▸ Excerpted records
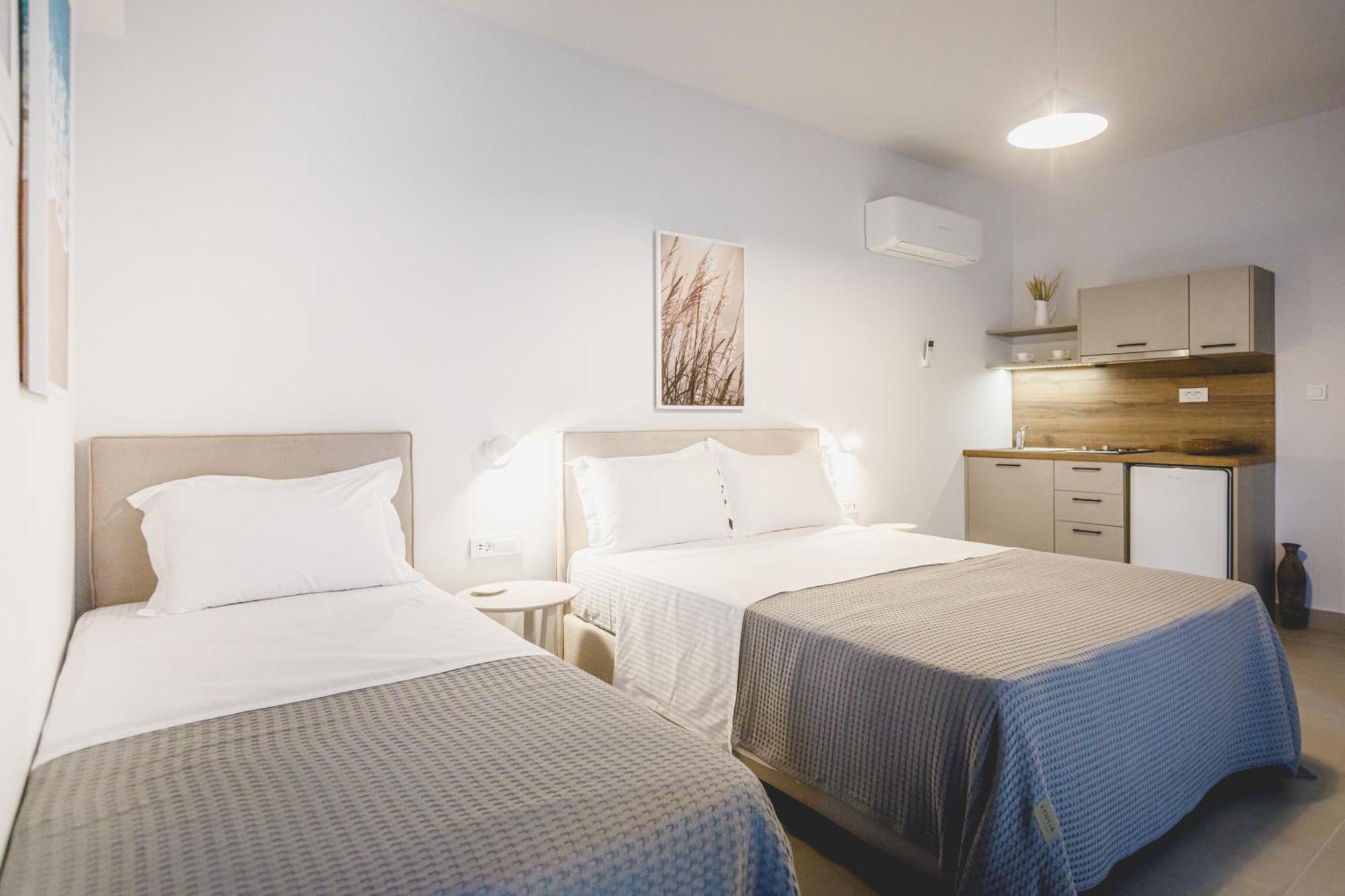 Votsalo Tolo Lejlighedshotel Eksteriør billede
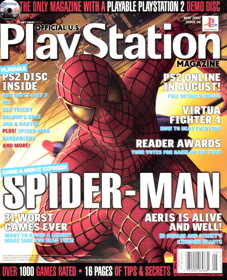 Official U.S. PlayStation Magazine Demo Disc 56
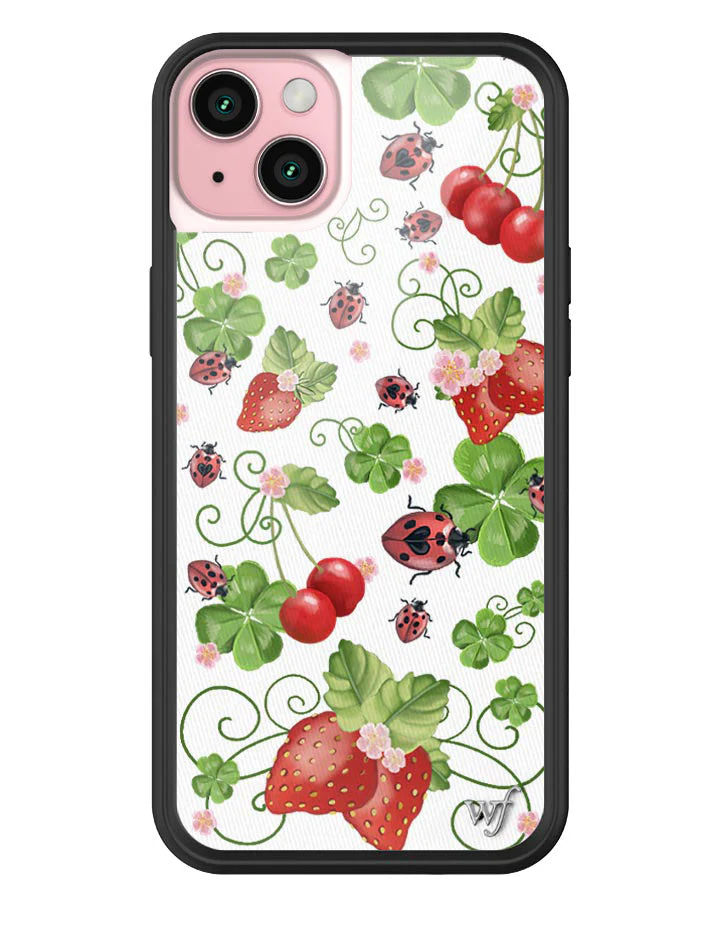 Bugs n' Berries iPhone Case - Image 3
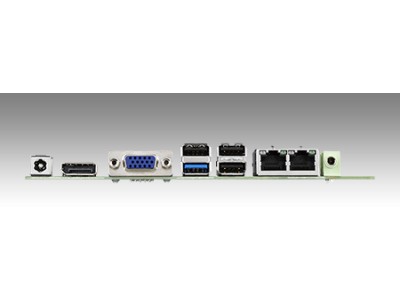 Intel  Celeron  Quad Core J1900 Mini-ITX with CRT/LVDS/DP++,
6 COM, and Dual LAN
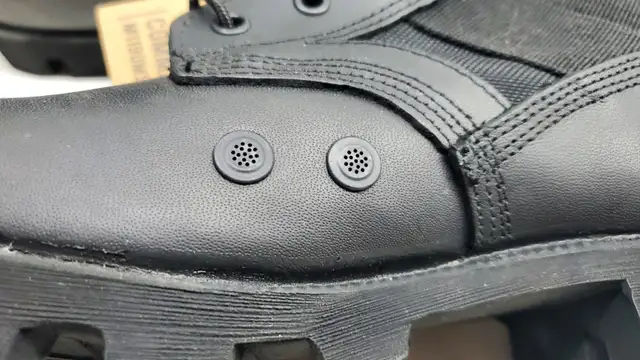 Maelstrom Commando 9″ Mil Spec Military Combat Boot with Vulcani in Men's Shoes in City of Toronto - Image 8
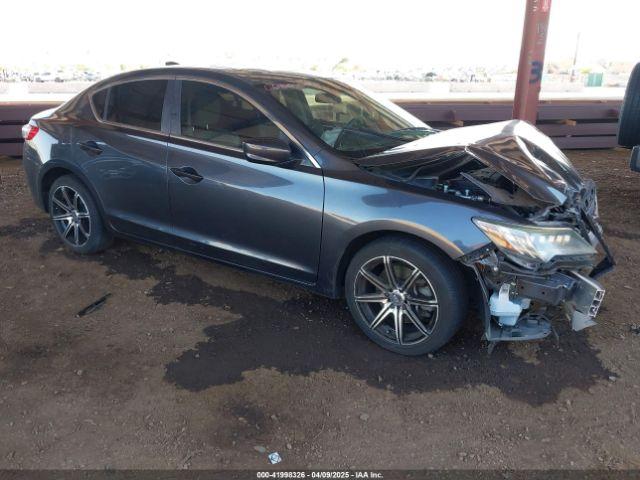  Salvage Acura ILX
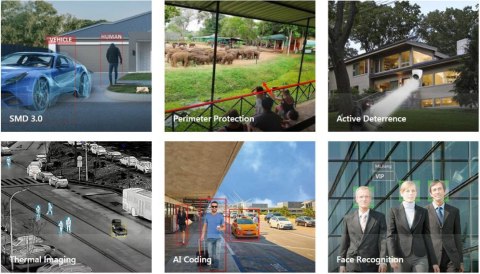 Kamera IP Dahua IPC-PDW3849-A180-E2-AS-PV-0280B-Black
...
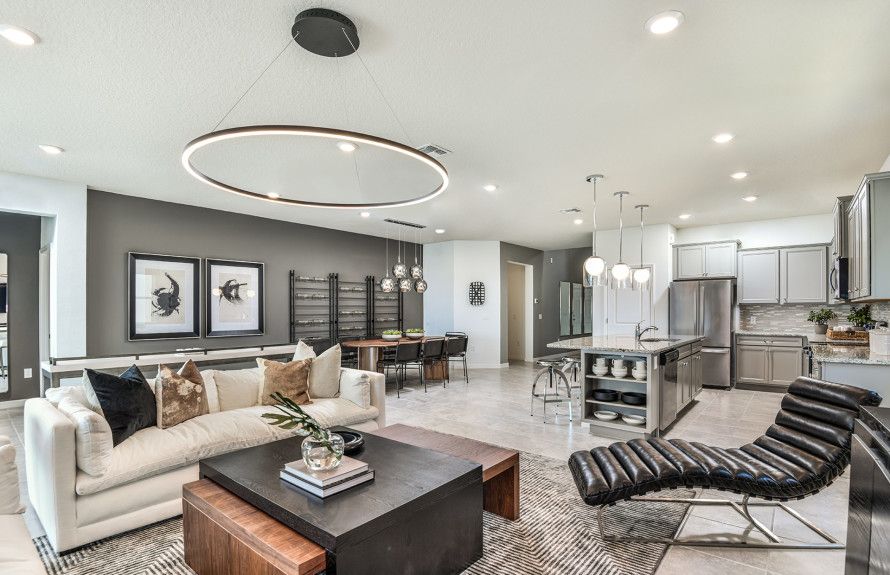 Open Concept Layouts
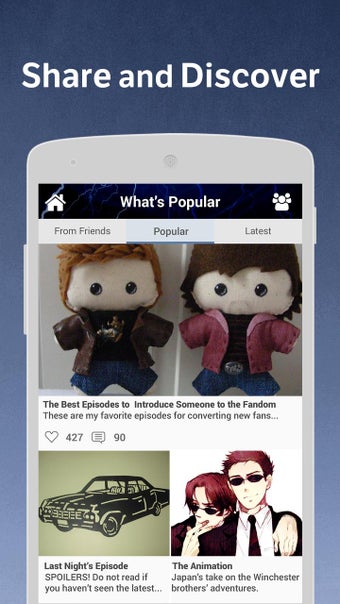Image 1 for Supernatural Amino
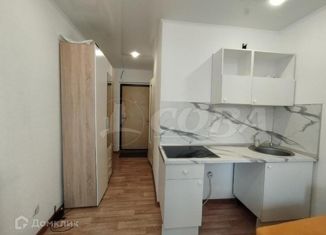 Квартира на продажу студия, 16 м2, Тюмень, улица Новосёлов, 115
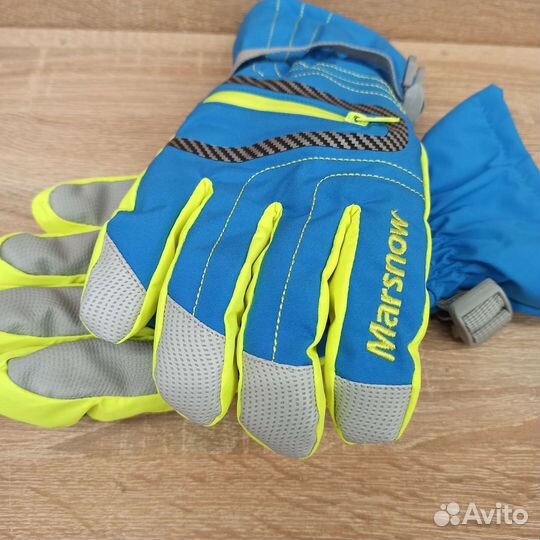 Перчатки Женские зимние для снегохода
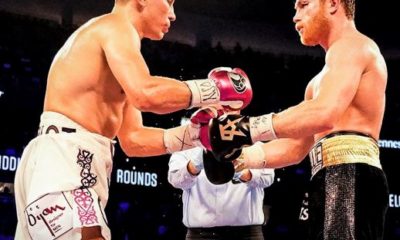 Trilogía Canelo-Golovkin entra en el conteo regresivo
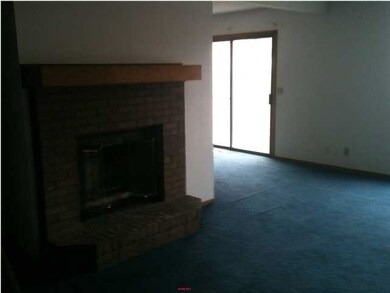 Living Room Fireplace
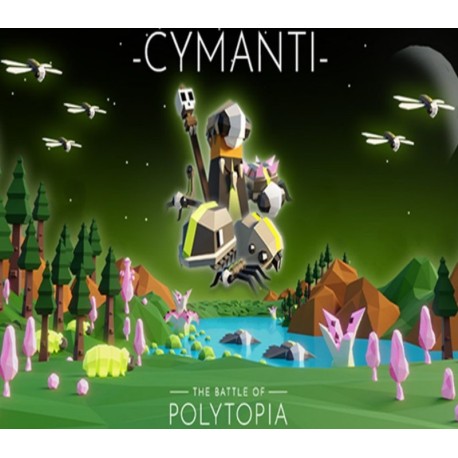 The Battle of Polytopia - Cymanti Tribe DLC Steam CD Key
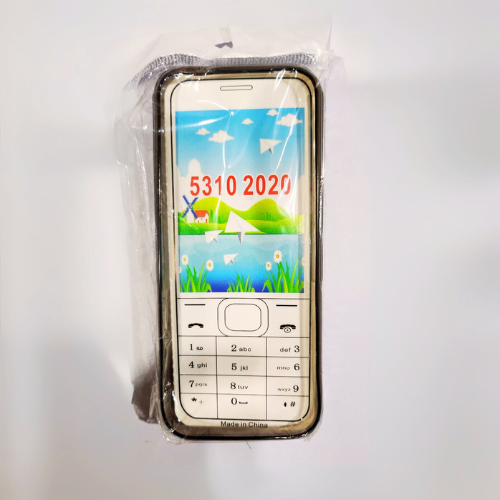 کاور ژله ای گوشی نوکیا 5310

▸ What needs to be done
From the material above, reproduce only what runs from the line holding "Перчатки Женские зимние для снегохода" down to the line holding "کاور ژله ای گوشی نوکیا 5310", both included, pictures excluded.

▸ Completed task
 Перчатки Женские зимние для снегохода
 Trilogía Canelo-Golovkin entra en el conteo regresivo
 Living Room Fireplace
 The Battle of Polytopia - Cymanti Tribe DLC Steam CD Key
 کاور ژله ای گوشی نوکیا 5310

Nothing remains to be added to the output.